Aim of the exercise: A word-for-word repeat of all the data is the goal.

Working data:
########################################
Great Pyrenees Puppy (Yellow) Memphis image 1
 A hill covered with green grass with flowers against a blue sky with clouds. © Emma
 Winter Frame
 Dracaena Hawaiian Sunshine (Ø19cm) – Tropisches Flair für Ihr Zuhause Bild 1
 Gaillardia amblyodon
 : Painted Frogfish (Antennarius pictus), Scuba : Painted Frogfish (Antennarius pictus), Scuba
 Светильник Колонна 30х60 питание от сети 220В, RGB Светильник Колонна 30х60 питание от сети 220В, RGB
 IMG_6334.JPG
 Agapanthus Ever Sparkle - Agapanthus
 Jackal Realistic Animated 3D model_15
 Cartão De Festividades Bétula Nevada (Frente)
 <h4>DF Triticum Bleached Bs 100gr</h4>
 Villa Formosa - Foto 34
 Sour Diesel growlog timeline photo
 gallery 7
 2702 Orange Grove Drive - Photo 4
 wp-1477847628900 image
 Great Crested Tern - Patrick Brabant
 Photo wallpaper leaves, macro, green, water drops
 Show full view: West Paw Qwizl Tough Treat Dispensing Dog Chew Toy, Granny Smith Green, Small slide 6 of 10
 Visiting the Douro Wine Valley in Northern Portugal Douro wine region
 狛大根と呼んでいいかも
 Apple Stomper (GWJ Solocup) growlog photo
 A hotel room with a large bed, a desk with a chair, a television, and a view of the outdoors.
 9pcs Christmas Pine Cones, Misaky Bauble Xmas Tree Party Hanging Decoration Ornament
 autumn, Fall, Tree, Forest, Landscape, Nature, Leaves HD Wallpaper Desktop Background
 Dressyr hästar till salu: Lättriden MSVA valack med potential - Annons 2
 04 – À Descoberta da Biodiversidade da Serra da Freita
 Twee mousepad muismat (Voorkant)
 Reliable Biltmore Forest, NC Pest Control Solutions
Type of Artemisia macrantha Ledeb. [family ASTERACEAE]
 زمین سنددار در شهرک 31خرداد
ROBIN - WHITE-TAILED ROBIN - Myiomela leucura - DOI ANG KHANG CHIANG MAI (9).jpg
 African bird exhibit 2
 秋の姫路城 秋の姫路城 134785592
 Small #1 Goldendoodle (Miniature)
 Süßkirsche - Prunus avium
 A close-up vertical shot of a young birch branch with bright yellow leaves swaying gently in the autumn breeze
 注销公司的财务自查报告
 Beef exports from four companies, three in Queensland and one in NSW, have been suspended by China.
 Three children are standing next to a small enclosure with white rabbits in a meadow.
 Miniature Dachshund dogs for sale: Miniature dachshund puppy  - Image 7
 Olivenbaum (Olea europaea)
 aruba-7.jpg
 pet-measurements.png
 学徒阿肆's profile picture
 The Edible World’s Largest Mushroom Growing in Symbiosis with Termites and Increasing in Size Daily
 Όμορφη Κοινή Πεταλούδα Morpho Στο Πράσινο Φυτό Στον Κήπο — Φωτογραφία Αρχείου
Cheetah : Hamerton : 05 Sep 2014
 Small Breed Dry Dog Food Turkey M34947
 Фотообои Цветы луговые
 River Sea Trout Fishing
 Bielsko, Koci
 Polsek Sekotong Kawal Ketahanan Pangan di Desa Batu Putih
########################################
Solution below:
Great Pyrenees Puppy (Yellow) Memphis image 1
 A hill covered with green grass with flowers against a blue sky with clouds. © Emma
 Winter Frame
 Dracaena Hawaiian Sunshine (Ø19cm) – Tropisches Flair für Ihr Zuhause Bild 1
 Gaillardia amblyodon
 : Painted Frogfish (Antennarius pictus), Scuba : Painted Frogfish (Antennarius pictus), Scuba
 Светильник Колонна 30х60 питание от сети 220В, RGB Светильник Колонна 30х60 питание от сети 220В, RGB
 IMG_6334.JPG
 Agapanthus Ever Sparkle - Agapanthus
 Jackal Realistic Animated 3D model_15
 Cartão De Festividades Bétula Nevada (Frente)
 <h4>DF Triticum Bleached Bs 100gr</h4>
 Villa Formosa - Foto 34
 Sour Diesel growlog timeline photo
 gallery 7
 2702 Orange Grove Drive - Photo 4
 wp-1477847628900 image
 Great Crested Tern - Patrick Brabant
 Photo wallpaper leaves, macro, green, water drops
 Show full view: West Paw Qwizl Tough Treat Dispensing Dog Chew Toy, Granny Smith Green, Small slide 6 of 10
 Visiting the Douro Wine Valley in Northern Portugal Douro wine region
 狛大根と呼んでいいかも
 Apple Stomper (GWJ Solocup) growlog photo
 A hotel room with a large bed, a desk with a chair, a television, and a view of the outdoors.
 9pcs Christmas Pine Cones, Misaky Bauble Xmas Tree Party Hanging Decoration Ornament
 autumn, Fall, Tree, Forest, Landscape, Nature, Leaves HD Wallpaper Desktop Background
 Dressyr hästar till salu: Lättriden MSVA valack med potential - Annons 2
 04 – À Descoberta da Biodiversidade da Serra da Freita
 Twee mousepad muismat (Voorkant)
 Reliable Biltmore Forest, NC Pest Control Solutions
Type of Artemisia macrantha Ledeb. [family ASTERACEAE]
 زمین سنددار در شهرک 31خرداد
ROBIN - WHITE-TAILED ROBIN - Myiomela leucura - DOI ANG KHANG CHIANG MAI (9).jpg
 African bird exhibit 2
 秋の姫路城 秋の姫路城 134785592
 Small #1 Goldendoodle (Miniature)
 Süßkirsche - Prunus avium
 A close-up vertical shot of a young birch branch with bright yellow leaves swaying gently in the autumn breeze
 注销公司的财务自查报告
 Beef exports from four companies, three in Queensland and one in NSW, have been suspended by China.
 Three children are standing next to a small enclosure with white rabbits in a meadow.
 Miniature Dachshund dogs for sale: Miniature dachshund puppy  - Image 7
 Olivenbaum (Olea europaea)
 aruba-7.jpg
 pet-measurements.png
 学徒阿肆's profile picture
 The Edible World’s Largest Mushroom Growing in Symbiosis with Termites and Increasing in Size Daily
 Όμορφη Κοινή Πεταλούδα Morpho Στο Πράσινο Φυτό Στον Κήπο — Φωτογραφία Αρχείου
Cheetah : Hamerton : 05 Sep 2014
 Small Breed Dry Dog Food Turkey M34947
 Фотообои Цветы луговые
 River Sea Trout Fishing
 Bielsko, Koci
 Polsek Sekotong Kawal Ketahanan Pangan di Desa Batu Putih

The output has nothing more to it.